## Source material
■ ■ ■

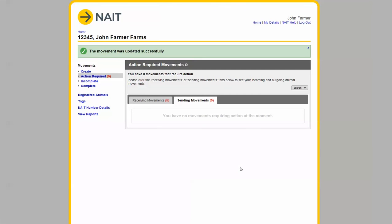Again this green message at the top of the screen confirms that the movement has been recorded successfully. It's now up to Jane to fix the incorrect movement for those two animals but my job is done.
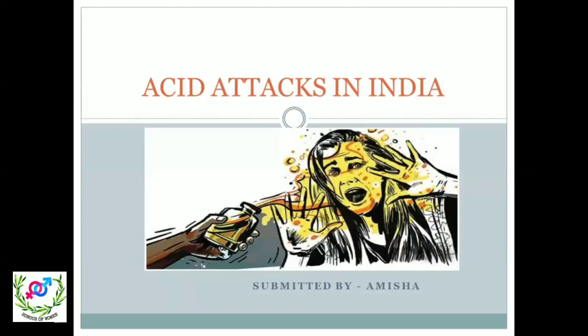My name is Amesha. I am currently doing my law at Law Center 1, and I am presently in first year — hopefully to be promoted to second year as well. The first task I was assigned was to focus upon the legal provisions of acid attacks in India and the landmark judgments and guidelines associated with it. Here goes the PPT associated with the same.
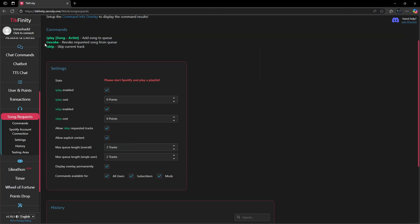On the same page, it provides you with all of your commands that you and your viewers can use to request music through Spotify. You can control what type of songs can be played as well as who has the permissions to request or do certain commands.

■ ■ ■

## Your objective
All lines of the listing must be given again exactly, excluding the pictures.

## Answer to the problem
Again this green message at the top of the screen confirms that the movement has been recorded successfully. It's now up to Jane to fix the incorrect movement for those two animals but my job is done.
My name is Amesha. I am currently doing my law at Law Center 1, and I am presently in first year — hopefully to be promoted to second year as well. The first task I was assigned was to focus upon the legal provisions of acid attacks in India and the landmark judgments and guidelines associated with it. Here goes the PPT associated with the same.
On the same page, it provides you with all of your commands that you and your viewers can use to request music through Spotify. You can control what type of songs can be played as well as who has the permissions to request or do certain commands.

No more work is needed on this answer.